Kanser sadece genetik, sadece psikolojik ya da fiziksel değil; belki toplamı
her şeyin. Genetik testle Amerika’ da yapılıyor. Bu testlere izin belgeleri
onlarca sayfa tutuyor. Kız kardeşiniz ve annenizin kan örnekleri ile
birlikte sizinkiler teste tabi oluyor. Ama test olmadan önce imzaladığınız
kağıtlarda bazı riskleri göze almanız isteniyor. Eğer kanser olacağınız
okunursa genlerden göğsünüzü almak istiyorlar. Buna kız kardeşlerim izin
vermedi haklı olarak!
Göğüs kanseri gelişmesinde aile öyküsü önemli bir risk faktörü olarak
bilinmektedir.genç yaşlarda görülen göğüs ve yumurtalık kanserlerine
eğilim yaratan , bir gende(BRCA1) mutasyonları, bu gen meme kanseri
nedeni.Çevresel faktörler de çok önemli bulunmakta. Örneğin; Japonya’

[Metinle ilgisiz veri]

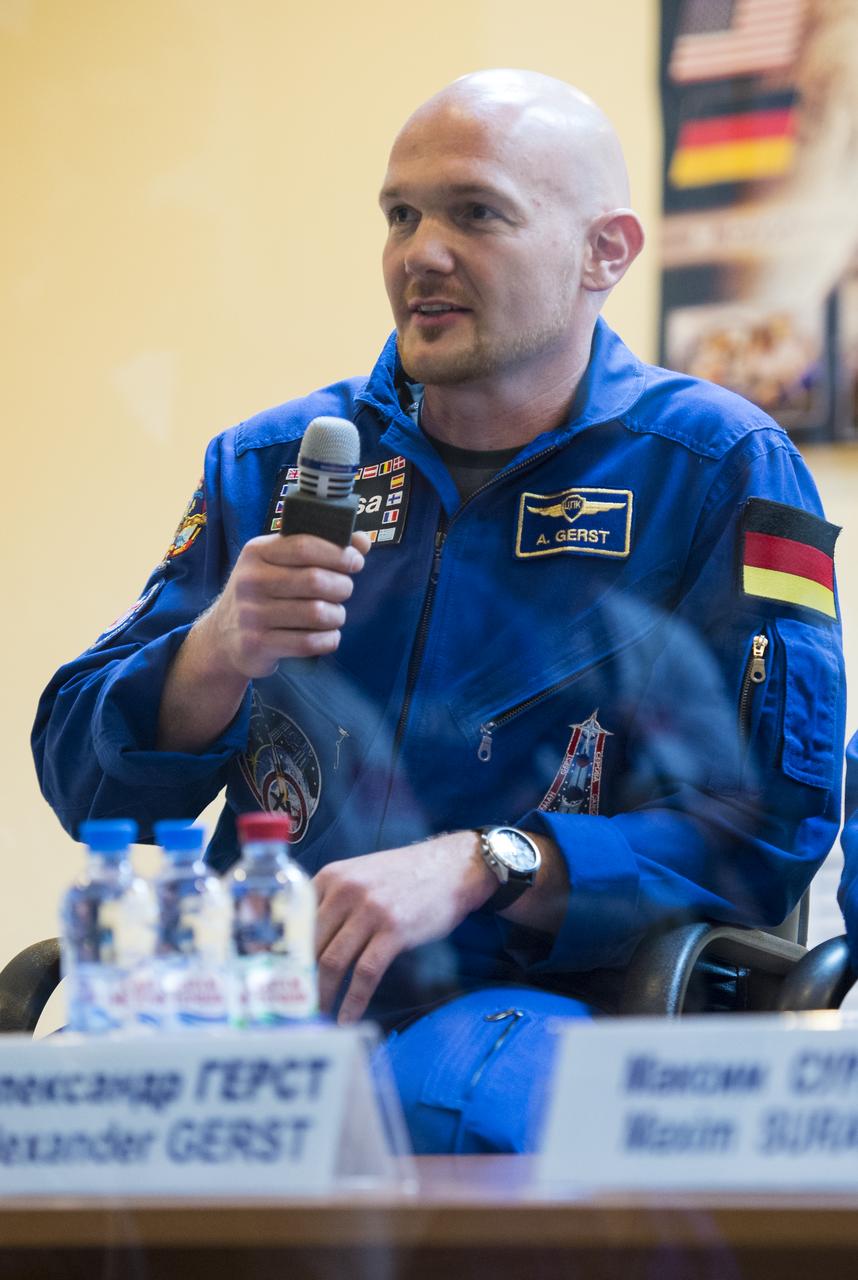 Expedition 40 Flight Engineer Alexander Gerst of the European Space Agency, ESA, speaks during a press conference, Tuesday, May 27, 2014, at the Cosmonaut Hotel in Baikonur, Kazakhstan. Expedition 40 Soyuz Commander Maxim Suraev of the Russian Federal Space Agency, Roscosmos, Flight Engineer Alexander Gerst of the European Space Agency, ESA, and Flight Engineer Reid Wiseman of NASA will launch aboard their Soyuz TMA-13M spacecraft on their mission to the International Space Station in the early hours of May 29. Photo Credit: (NASA/Joel Kowsky)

da kadınlar daha az göğüs kanserine yakalanırken Amerika’ya göç eden
Japon kadınlarında pek yükselmeyen kanser oranı ikinci kuşakta
Amerikalı kadınlarla eşit seviyeye yükseliyor. Yeme içme alışkanlıkları ve
beslenme etkileyici faktör .
Kanserden korkmayın ama kanser korkusundan korkun!
Önce cesaret, sonra yaşama sevinci ile her şeyi yenebilirsiniz.
Size bir kamyon çarpmış gibi kanser olduğunuz mu söylendi ya da sizden
gizlediler siz kazara duydunuz; İlk birkaç dakika , hayat alt üst oluyor.
Çamaşır makin asında dönen çamaşıra benziyor insan. Alt ve üst oluyor,
durmadan. Şok! Korku! Suçluluk!Kızgınlık!Sersemleme! tüm bu
reaksiyonlar dünyada her hastanın paylaştığı duygular. Tüm kanser
hastalarının ilk tepkileri.Önemli olan kısa sürede bu şoku aşıp hayata
tutunmak ve yaşamaya devam etmek. Allah iyimser olana yardım eder.